Augusto Diniz | Música brasileira
Jornalista há 25 anos, Augusto Diniz foi produtor musical e escreve sobre música desde 2014.
Augusto Diniz | Música brasileira
A ‘sofrência’ de Marília Mendonça valorizou o sertanejo
A morte trágica da cantora cria um vazio no gênero que com ela parecia retomar o seu começo nos anos 1970 e 80


A morte, nesta sexta-feira 5, da cantora Marília Mendonça, aos 26 anos, em um acidente trágico de avião, cria um vazio difícil de ser ocupado no sertanejo. O que ela cantava fazia lembrar a música romântica que tinha o nome de brega dos anos 1970 e 80 e depois desaguou no sertanejo com várias duplas, a começar por Chitãozinho e Xororó.
Naquela época, músicas sobre traições, amores perdidos e relações fracassadas ganharam os palcos na voz de Odair José, Waldick Soriano, Paulo Sérgio. As canções pareciam nascidas em mesa de bar entre um gole e outro. Letras e melodias simplórias conquistaram mentes de gente menos abastada pelo Brasil afora.

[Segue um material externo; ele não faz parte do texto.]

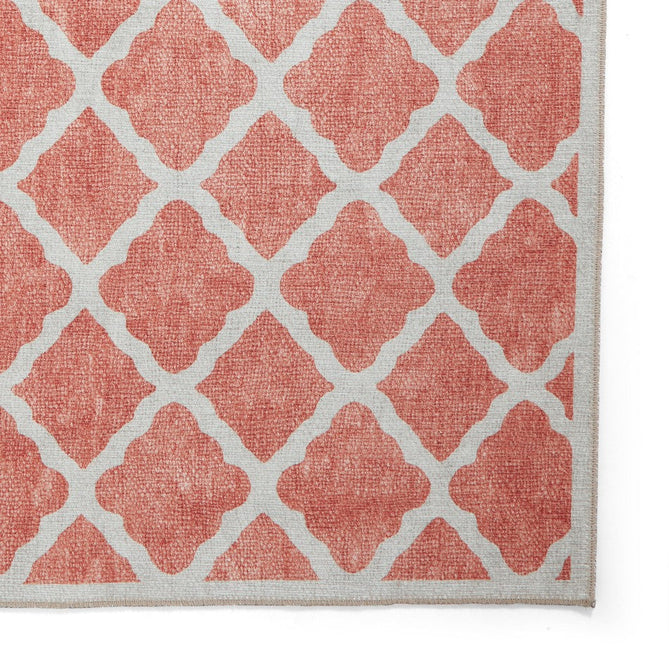 Washable Coral H1063 Modern Geometric Lightweight Printed Polyester Flatweave Orange Runner-Think Rugs-Rug Love - The Most Loved Rug Store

O sertanejo tomou forma, bebeu dessa fonte romântica, mas incorporou nos anos 2000 um pop mal ajambrado com letras repletas de clichês e construídas às pressas, substituindo o sentimento intenso e profundo pelo namorico regado a bebedeira.
Marília Mendonça, em meio à profusão de poucas ideias de composições, parecia um oásis nesse campo. Resgatou o romântico intenso e os pecados de se apaixonar. E era uma voz feminina, diferente do passado que deu origem ao sertanejo marcado apenas pela presença de homens.

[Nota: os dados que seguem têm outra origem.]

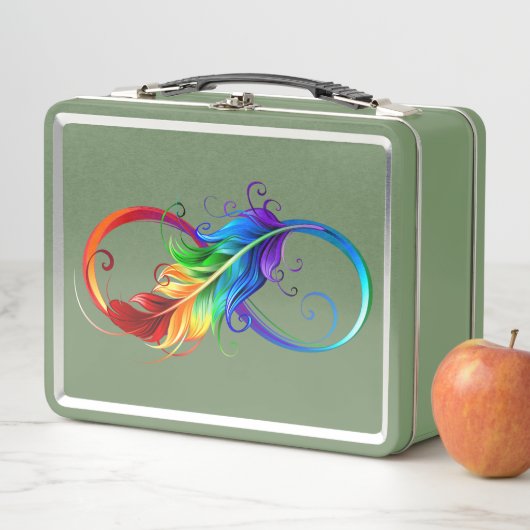 Lunch Box Symbole d'infini avec plume arc-en-ciel (En situation)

Para um ambiente sertanejo altamente machista, cantar como ela fez, sobre infidelidades, por si só já lhe dava um status diferenciado no gênero. De voz grave, conseguia entoar um espírito ainda maior de “empoderamento” feminino, para usar um termo da moda.
Esse novo rumo que tentou dar ao sertanejo, com um pouco mais de densidade e de resgate ao que era feito no seu início, justifica o fato de ter sido uma das artistas mais ouvidas nas plataformas de música. Recebeu de braços abertos os ouvintes do sertanejo já enfastiados com tanta bebedeira sem nenhum sentido.
Marília Mendonça valorizou o desgastado sertanejo. Virou a Rainha da Sofrência porque os reis são dos anos 1970. A proximidade maior com o cotidiano da dor amorosa na sua música de maneira mais veemente, abundante e genuína lhe colocou em outro patamar num gênero que agora volta ao escombro.